**PROBLEM DESCRIPTION**
All lines from the one that contains "A homeless tent" to the end of the data must be retyped exactly. Pictures are not retyped.

·····

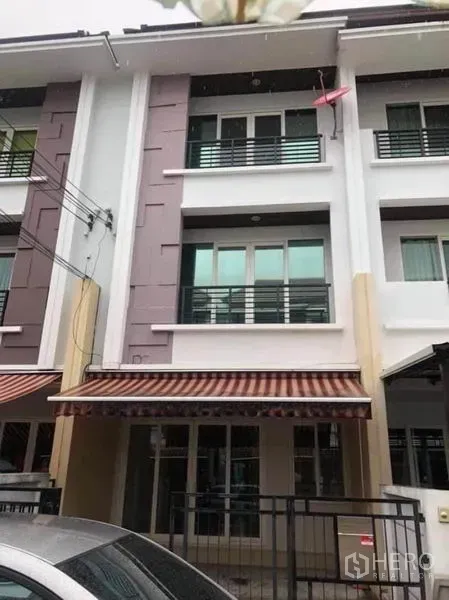 ทาวน์เฮาส์ ให้เช่าในWang Thonglang, Bangkok - ทาวน์เฮ้าส์ 3 ชั้นในเขตวังทองหลาง กรุงเทพฯ ด้านหน้า มีระเบียง กันสาดลายทาง และที่จอดรถพร้อมรั้ว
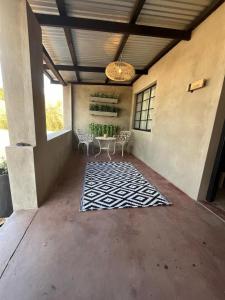 un patio con mesa, sillas y alfombra en Frere Guesthouse en Ermelo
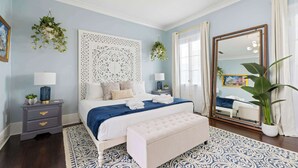 A bedroom with a large bed, a nightstand, a bench, a mirror, and a potted plant. - Rooftop • Hot Tub • Parking • Walk to King St! (Charleston)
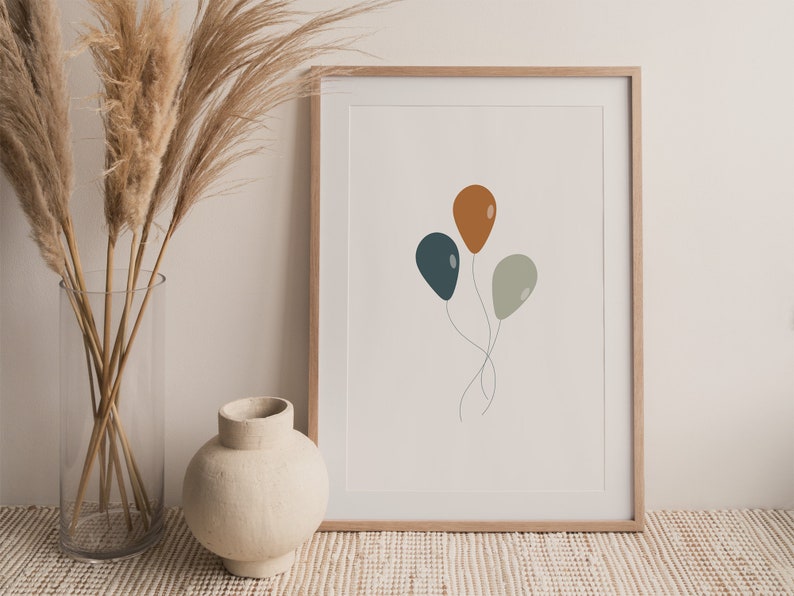 May include: A framed print with a minimalist design featuring three balloons in shades of teal, orange, and gray. The balloons are tied together with a thin string.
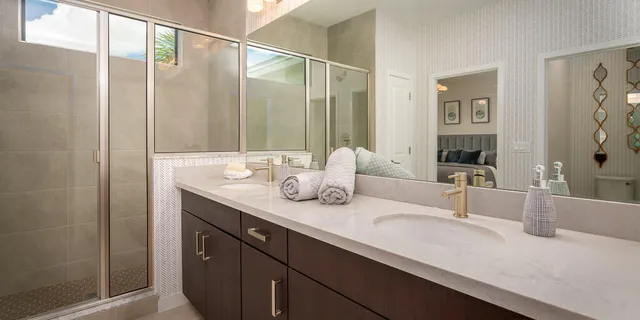 a bathroom with a double vanity sink and a mirror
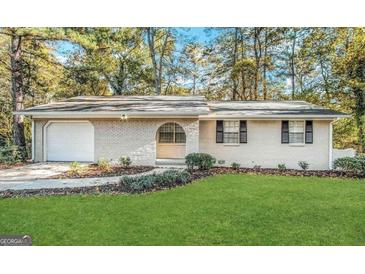 Charming brick home with a well-manicured lawn and beautiful landscaping at 2205 Chestnut Hill Cir, Decatur, GA 30032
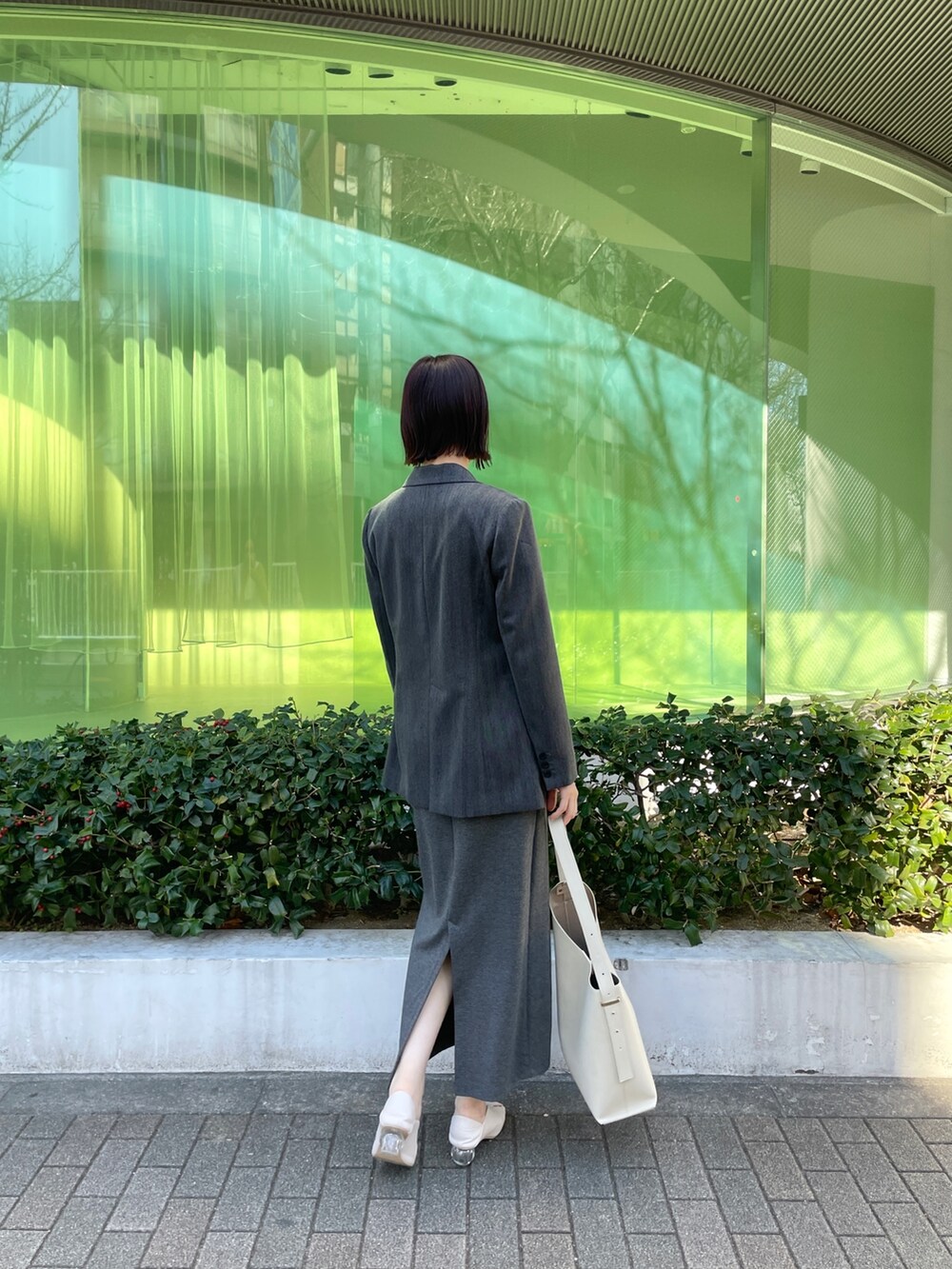 ホワイト系のパンプス、ホワイト系のショルダーバッグ、グレー系のワンピースを着用したレディースの冬コーディネートの5枚目の写真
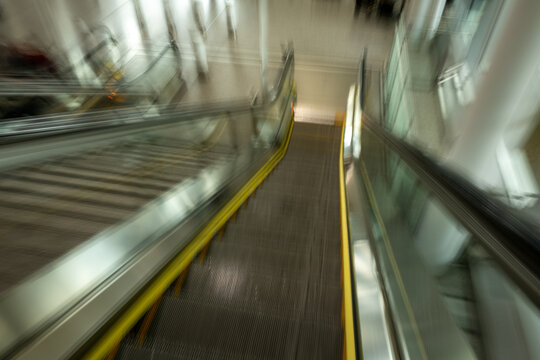 Intentional motion blur as moving down an escalator with bright yellow lines
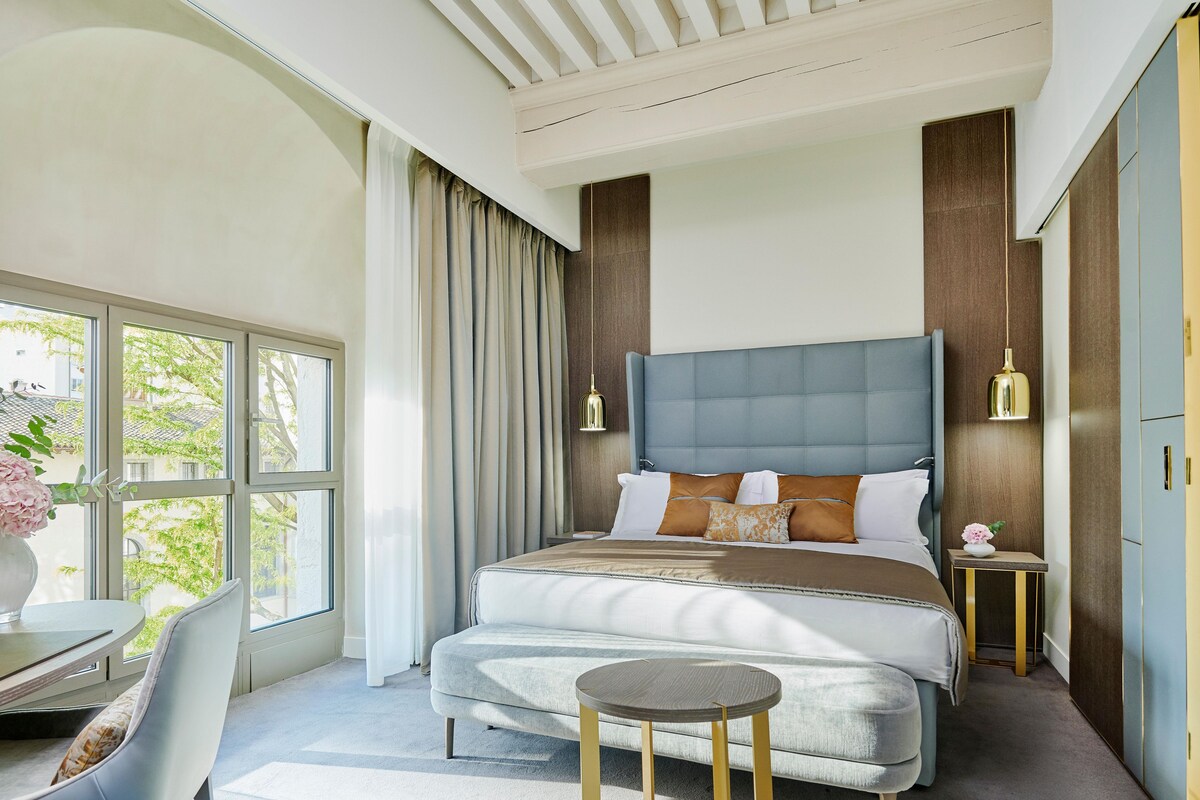 Un dormitorio moderno con una cama grande, un escritorio y una silla.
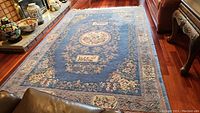 Full view of rug in living room setting showing overall pattern and condition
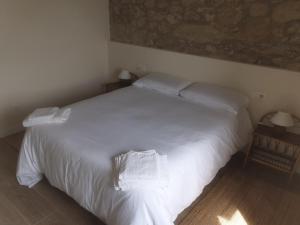 Cama o camas de una habitación en La Casa de Ana en Fisterra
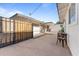 A gated backyard with a mix of concrete and gravel, offering space for outdoor activities at 8044 N 10Th Pl, Phoenix, AZ 85020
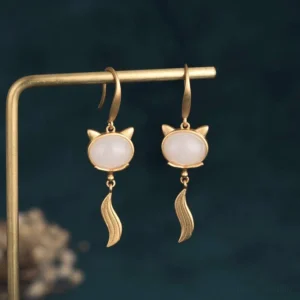 Handcrafted white jade fox drop earrings displayed on metal stand with teal backdrop, three-quarter angle showing carved jade detail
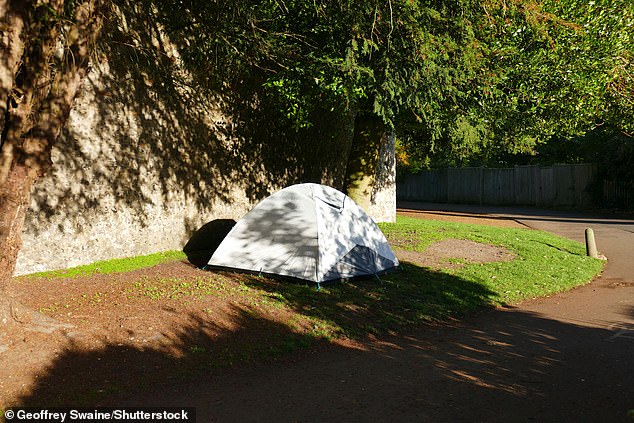 A homeless tent by Winchester Castle's wall in 2022. People from the surrounding villages have raised concerns about public drunkenness, aggressive begging and a 'threatening atmosphere'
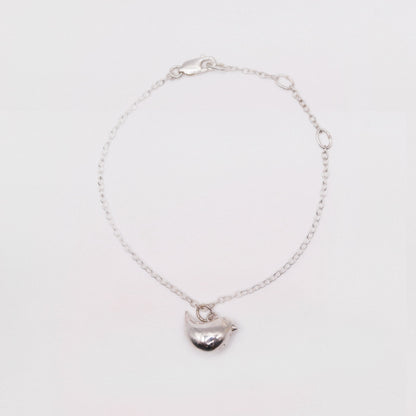 Silver bracelet with a heart-shaped charm on a white background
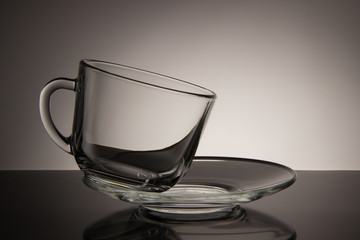 Glass empty mug of tea and saucer on a black and white backgroun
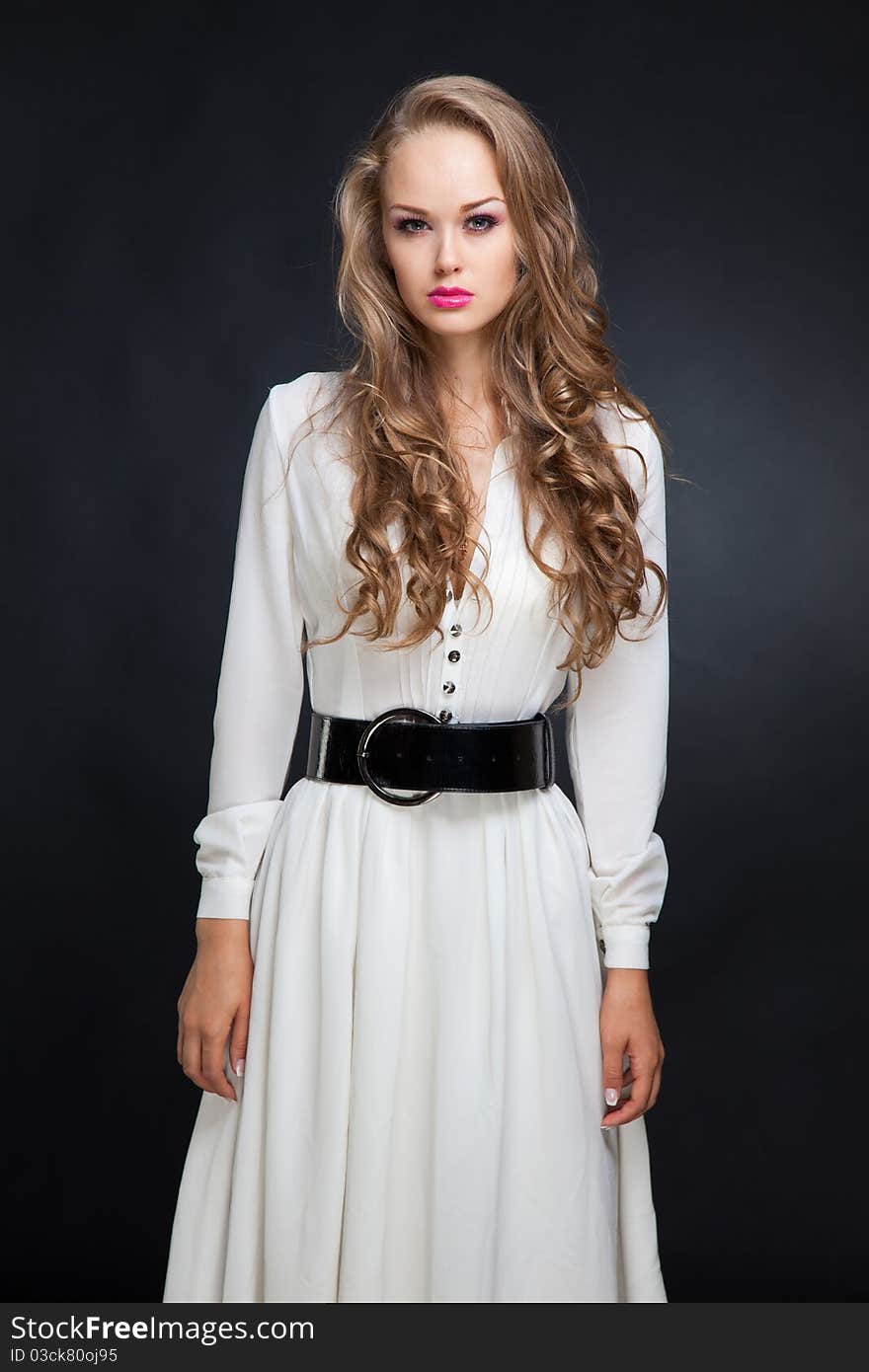 Girl in long white dress, studio isolated shot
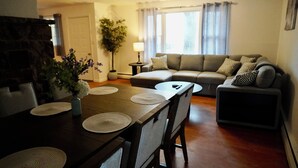 En matplats med ett träbord, stolar och en vas med blommor.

·····

**SOLUTION TO THE PROBLEM**
 A homeless tent by Winchester Castle's wall in 2022. People from the surrounding villages have raised concerns about public drunkenness, aggressive begging and a 'threatening atmosphere'
 Silver bracelet with a heart-shaped charm on a white background
 Glass empty mug of tea and saucer on a black and white backgroun
 Girl in long white dress, studio isolated shot
 En matplats med ett träbord, stolar och en vas med blommor.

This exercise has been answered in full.